Abstract

Was humanism without Latin a dead letter? The early quattrocento scholars who brandished the term studia humanitatis as their new slogan would have said so; their commitment to the language of Cicero was at the expense of the volgare. We might wish it were not so, and strain to link humanism with vernaculars far removed from the Italian peninsula. There is a lazy way of achieving this, by taking ‘humanism’ to be a Weltanschauung which spread across Europe and could be adopted in many tongues. Or there is a more forensic—and less tried—course which involves isolating what is particular in humanist practice and detecting moments when those habits or gestures were transferred to literatures in other traditions. Dr Wakelin follows this second route and with painstaking skill and shrewd insight compiles a new tale very much worth telling. Wakelin takes his story from the circle around Humfrey, duke of Gloucester, in the 1430s to Elyot and Lupset writing a century later.
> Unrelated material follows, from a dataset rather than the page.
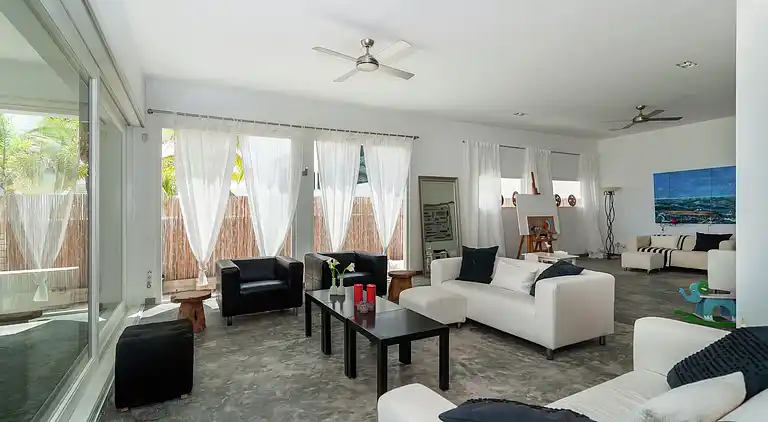 Holiday home in Caribbean Netherlands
What he detects is that, alongside English interest in humanist writings in their original Latin, there developed a tradition of vernacular engagement with the studia humanitatis, expressed through the practice of translation and the adoption of humanist gestures. Like English humanist interest itself, this tradition of engagement did not have to wait for Henry VII and his successors to begin. It developed within manuscript culture; but, at the end of the fifteenth century, it became ‘institutionalised’—and, one might say, downgraded to a classroom skill, as Wakelin suggests in his discussion of John Anwykyll's remedial grammatical textbooks. The writers who walk across the pages of this book include John Lydgate, William Caxton and Thomas More but, for the most part, they are either lesser names such as Osbern Bokenham and Henry Medwall, or authors and readers who lurk in anonymity.